Laibach @ Glasgow SWG3

Slovenian industrial provocateurs Laibach been subverting musical and political clichés for over three decades now, but their latest project, a reworking of The Sound of Music premiered in Pynonyang as North Korea’s first ever rock gig, has brought them their highest attention yet.

The concept is nothing short of genius; famed for their sinister subversion of cover versions, they had to perform music that would be known in the country, and as pace that other most famous Slovenian, Slavoj Zizek, The Sound of Music is an anti-Fascist musical that appeals to Fascist impulses, it’s made for the bill. This isn’t the first time that The Sound of Music has been appropriated as found object of course. It has memorably inspired artists from Johan Grimonprez to John Coltrane – but no one has embraced it in all its absurdity as Laibach have here.

Some bands have a support act – supporting Laibach would probably be a thankless task, so they have what appears to be a field recording of an Alpine pastoral scene to lull us into a false sense of security.

There are no original members of the band onstage here, and it doesn’t matter, as Laibach have always been a conceptual project more than a band, an exploration of collectivism rather than individualism. However, Milan Fras still elicits cheers when he comes onstage, in white robes and customary head gear. And his rasping growl really helps take these songs to darker new places. Well-known songs we’ve learned to take for granted from the musical are subtly distorted to expose their hollowness and bombast, yet can be simultaneously seductive. This reaches a zenith with Sixteen Going on Seventeen, an exemplary example of how Laibach approach a cover version and tease out the potential meanings, the hidden ideologies, without changing a word. Fras’s atavistic growl exposes the sinister, quasi paedophiliac subtext of the song to appallingly comic effect, which couldn’t be more on point for a week which has seen the public disgrace of Michael Jackson and the cancellation of a Ryan Adams tour.

Stunning visuals complement the music to perfection, as on My Favourite Things, an orgy of kitsch imagery, childlike emojis collapsing on Korean imagery, like being trapped in a Jeff Koons come to life.

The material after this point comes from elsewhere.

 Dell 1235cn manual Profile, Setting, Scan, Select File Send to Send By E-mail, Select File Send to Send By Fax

As the sublime lapses into the ridiculous to be spat out the other end as sublime again, we reminded that while totalitarian regimes’ aesthetics often approach the condition of kitsch, kitsch can be equally oppressive, as on Maria/Korea, which can only be described as uber kitsch.

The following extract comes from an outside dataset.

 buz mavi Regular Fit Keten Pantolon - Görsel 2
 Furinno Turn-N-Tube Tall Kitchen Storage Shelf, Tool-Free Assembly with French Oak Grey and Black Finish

What is the Problem with Korea? Laibach have no answers, but have engaged with the country on their own terms far more successfully than Donald Trump has.

After an interval, the second half of the gig turns much darker, as the band take on their earliest records recorded as Laibach, sung in German and Slovenian, heavy industrial pieces with angular jazz keyboard flourishes exploring their country’s troubled and contested background.

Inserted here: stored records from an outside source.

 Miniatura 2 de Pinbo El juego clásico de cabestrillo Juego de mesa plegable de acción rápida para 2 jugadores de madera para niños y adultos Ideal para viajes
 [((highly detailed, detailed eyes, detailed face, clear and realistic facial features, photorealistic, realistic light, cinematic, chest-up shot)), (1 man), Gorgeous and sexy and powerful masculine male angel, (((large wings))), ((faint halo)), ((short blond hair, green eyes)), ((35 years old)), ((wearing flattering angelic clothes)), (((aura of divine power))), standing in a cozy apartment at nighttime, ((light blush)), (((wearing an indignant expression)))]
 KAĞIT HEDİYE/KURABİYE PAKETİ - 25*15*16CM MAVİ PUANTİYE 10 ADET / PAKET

The imagery turns markedly darker too, primarily reds and blacks playing with Communist and totalitarian motifs.

Things turn lighter though for the encore, where the band finally play one of their ‘hits’, Sympathy For the Devil, one of their straighter covers, and two songs from the upcoming Iron Sky II, a Nazis in space film which they’ve scored.

It all ends hilariously, and most unexpectedly, with Fras in a cowboy hat performing a country and western tune, Surfing Through the Galaxy, to a backdrop of retro space invaders. Then, in a final puncturing of the illusion of spontaneity that surrounds encores, the credits for the encore appear onscreen behind them.

As Europe witnesses a resurgence of neofascism and despots increasingly rule the world, Laibach – unlike most bands from the 80s – only become more, rather than less relevant, by the year. We need them more than ever, if only to provide some laughter amongst the ruins of Western democracy.